The last several weeks have been primarily dedicated to getting my folks moved. They were renting a home in Lawrence and now are enjoying "independent living with services" in Olathe. In nearly every respect, it has been a fantastic transition.
In helping them with this, I have had to face new questions - questions about our own future, but also questions about the aging process in general. Downsizing (which is a nice term for "letting go of things we really have enjoyed") is more than a process of deciding what to keep or even what memories to hold onto. There's a larger question, and it is about more than downsizing - it's about getting older.
The bigger question is about options.
The aging process is a slow reduction in options - options of activities, travel, diet, endurance, hobbies, and even expressing one's giftedness. Our years growing up are all about adding options, and the sunset years include the dismissal of options. Some options are dismissed involuntarily. Some are dismissed voluntarily, but not joyfully. And there are a few that are just pure relief to be rid of.

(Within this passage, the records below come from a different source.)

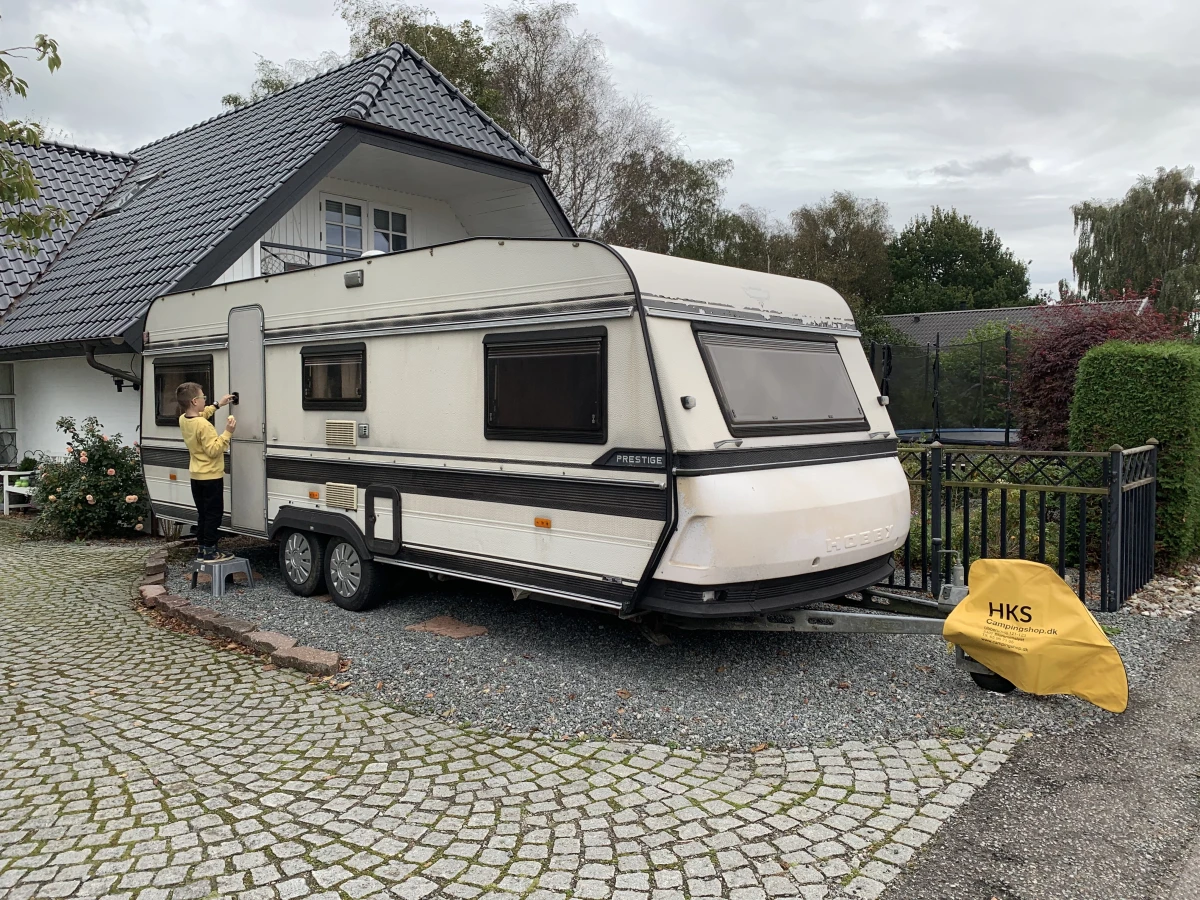 Sådan så campingvognen ud, før familien gik i gang med at bygge den om til et luksus sommerhus.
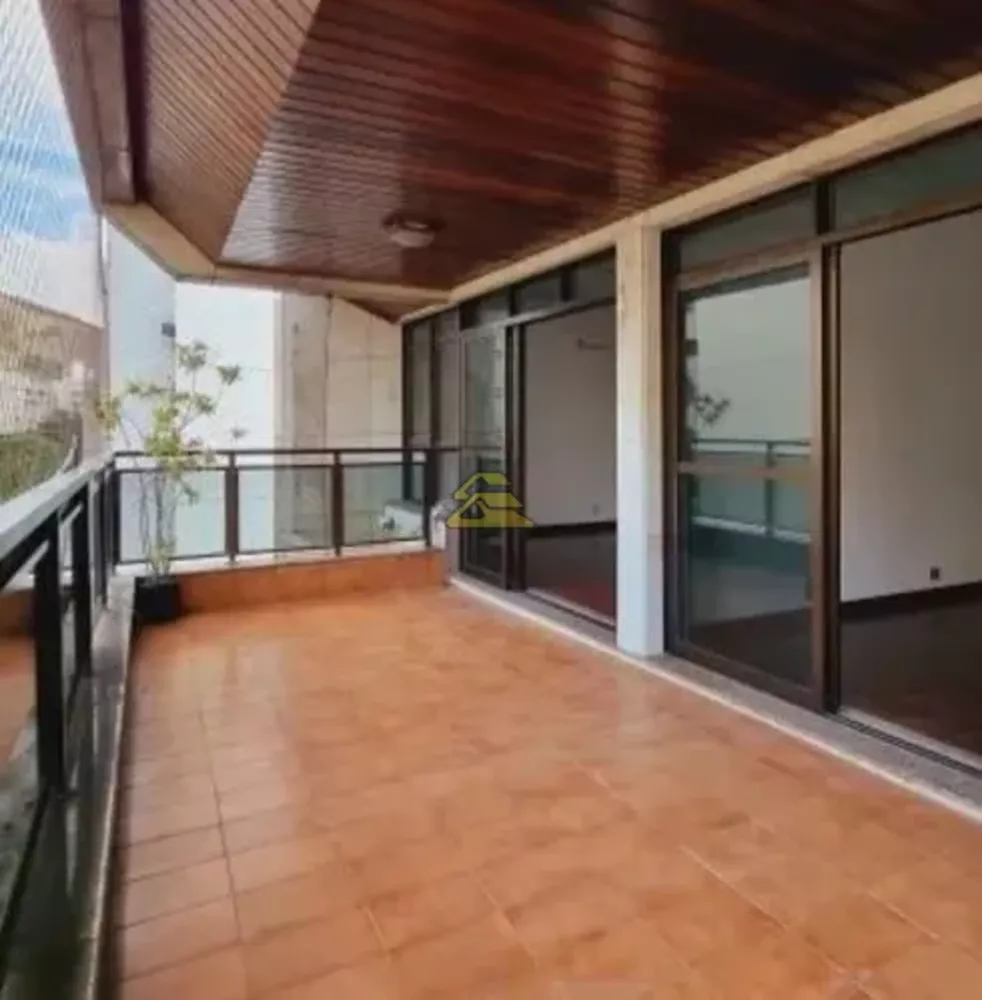 Apartamento, 3 quartos, 190 m² - Foto 4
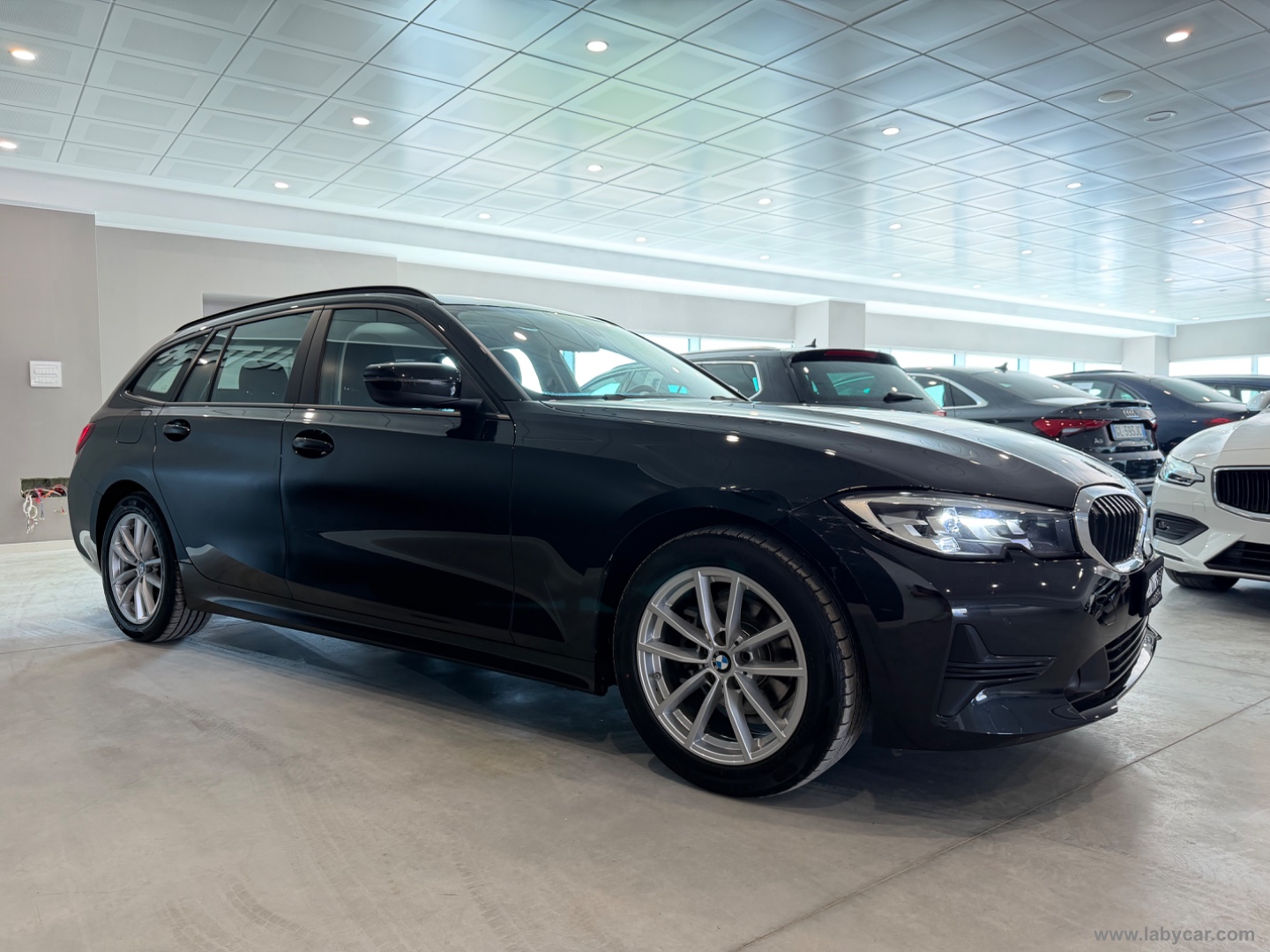 318d 48V Touring Business Advantage - immagine 5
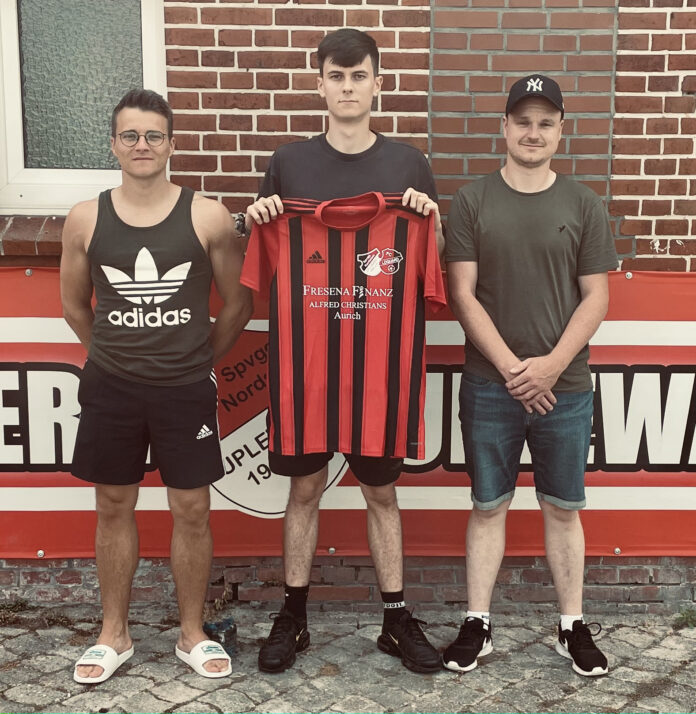 Arian Spanca (Mitte) trägt ab sofort das Trikot unserer SG Upleward II / Loquard II. Sehr zur Freude seiner Trainer Mirko Weets (rechts) und Thorsten Zeiß (links). Bild: Frank Winter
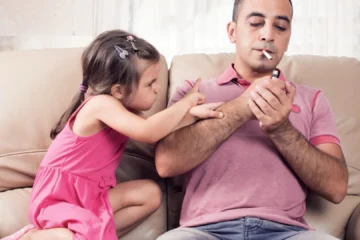 El tabaquismo pasivo de un padre en su infancia puede marcar la salud pulmonar del hijo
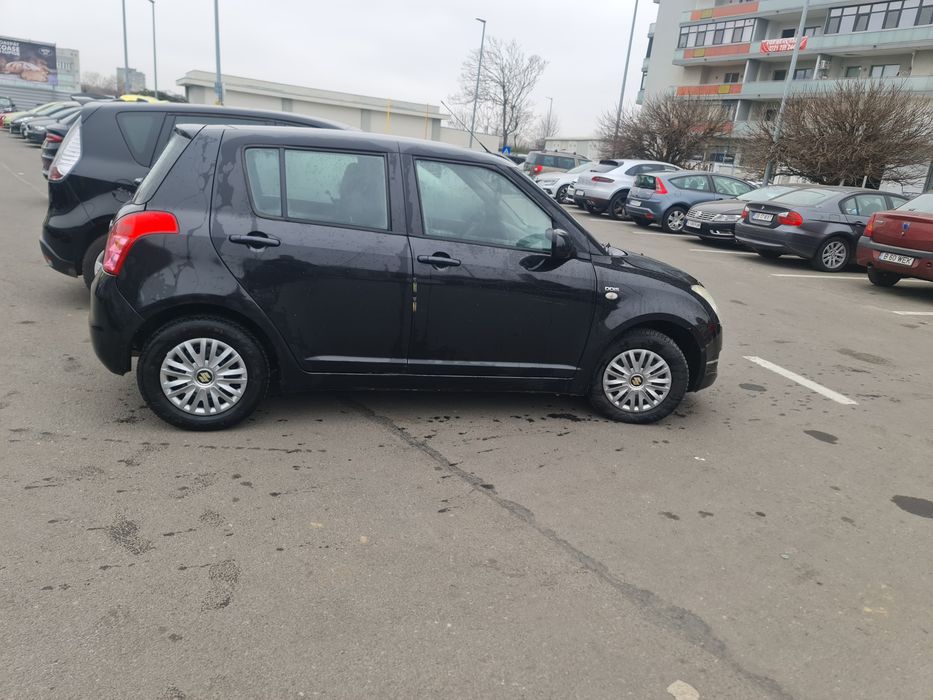 De vanzare Suzuki Swift.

I think about the things my folks knew they needed to part with, but really didn't want to. I think about the things I will one day have to make the same decision for. It's not just the thing itself. And it's not always the memories and stories that are attached to the thing. It's that the thing represents another option, something I could do, and if I give up the thing, I am giving up an option. Chances are, giving up an option in later years means never getting it back.
To their credit, my folks did a great job letting go of things, memories, and even options. And to our pleasure, new options have opened up for them, because they now have a situation far better suited for their lives. (Dad, for example, didn't used to have free ice cream available every day at 3pm!)
Some of their items are now in our basement - too precious to let leave the family, but too bulky to move into their new space. As I was stacking those items this week, I mentally ticked through all the stuff in our house that belongs to us. How many of those things represent true, meaningful options? More importantly, how many of those things are merely burdensome, stealing away better options because of the maintenance and attention they require? How many of my things that I don't want to part with are actually thieves of my options?
What new options would I have if I shed myself of these thieves? What future options do I hinder because I demand these things now?
I want to sort through the entire house, now, and make a decision to keep or not keep items based on just one question - not based on value, not based on memories, not based on anything else other than options. True, meaningful options (lest I fall into the "just in case" trap!).
On an unrelated note, watch this space for a garage sale notice sometime soon. You'll need those options ... just in case.